II. A voluntary trust inter vivos is incomplete until accepted by the proposed trustee, and while incomplete for any cause, is revocable. Non constat that the author would invest another with the same trust. Antrobus v. Smith, 12 Vesey, 45; locus penitentiae; Ellison v. Ellison, 6 Ib. 656; in this case the argument turned exclusively upon the fact of revocation, not the power of it. Walwyn v. Coutts, 5 Eng. Cond. Ch. 7; Allcott v. Woodgate, 8 Ib. 97; Garrard v. Landerdale, 5 Ib. 1; in these cases the right of revocation was upheld even though the trusts were complete. 1. In the present case, the author of the trust was himself a cestui que trust; he had, therefore, a twofold right of revocation on his trustee's declining the trust. 2. But, assuming the trust as in any way incomplete, the authorities are uniform that equity will not set up a deed which cannot be proceeded upon at law. Edwards v. Jones, 13 Eng. Cond. Ch. 371; Colman v. Sarrel, 1 Vesey, jr., 50; Pulvertoft v. Pulvertoft, 18 Vesey, 84; Price v. Price, 8 Eng. L. Eq. 271. 3. The circumstances attending the re-delivery of the trust deed and its spoliation, show a harmonious intention, of revocation by the author and non-acceptance by the trustee. 4. The supposed trust was induced through fear and constraint, caused by the hostile language, acts and conduct of the complainants. 5. The trust deed was sent by John E. to William H. King, as a proposal merely, and to be accepted on condition only that it should prove satisfactory to all parties. It was not satisfactory to William, or, as it appears, to others; and the conduct of all parties shows that it was regarded by them as a proposal merely, and failing of its purpose was, before acceptance, recalled by John E. King, as such.

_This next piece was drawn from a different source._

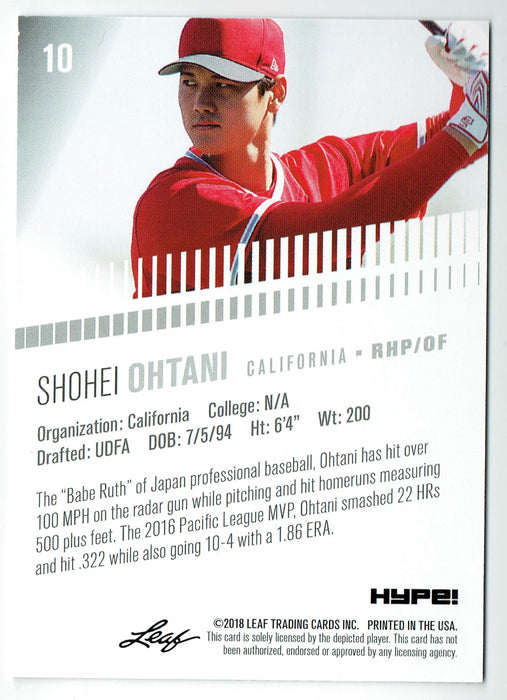 Mint Shohei Ohtani 2018 Leaf HYPE! #10 Only 5000 Made! Rare Rookie Card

The proposition of the counsel for the respondents, that mere volunteers have no equity on which to ground a claim for equitable relief, is quite too broad. If the deed under which they claim be defective and inoperative at law, they cannot have the aid of a court of equity to complete and perfect it, any more than they can have the aid of the court to enforce a promise, or even covenant, without consideration, to execute the deed. In other words, the court will not help them to be cestuis que trust, but remain neutral in regard to the defective deed, or executory contract to give one. On the other hand, if the legal conveyance be effectually made, the court will protect all equitable interests, and enforce all equitable rights and duties under it as promptly and completely, though made without, as if made with, consideration. The party who makes a voluntary deed, whether of real or personal estate, without reserving a power to alter or revoke it, has no right to disturb it; and as against himself it is valid and binding, both in equity and at law. Ellison v. Ellison, 6 Vesey, 656; Smith v. Garland, 2 Mer. 125; Fletcher v. Fletcher, 4 Hare, 76; Kekewich v. Manning, 1 DeG. M. G. 176; Dilrow v. Bone, 6 Law Times Rep. 71; Eaton v. Tillinghast, 4 R.I. Rep. 276, 279, 280; 1 Leading Cases in Equity, and Hare and Wallace's notes, (3d Am. ed.), 297 to 335, top paging, for a collection of the cases, English and American; Adams' Equity, 79, 80, side paging.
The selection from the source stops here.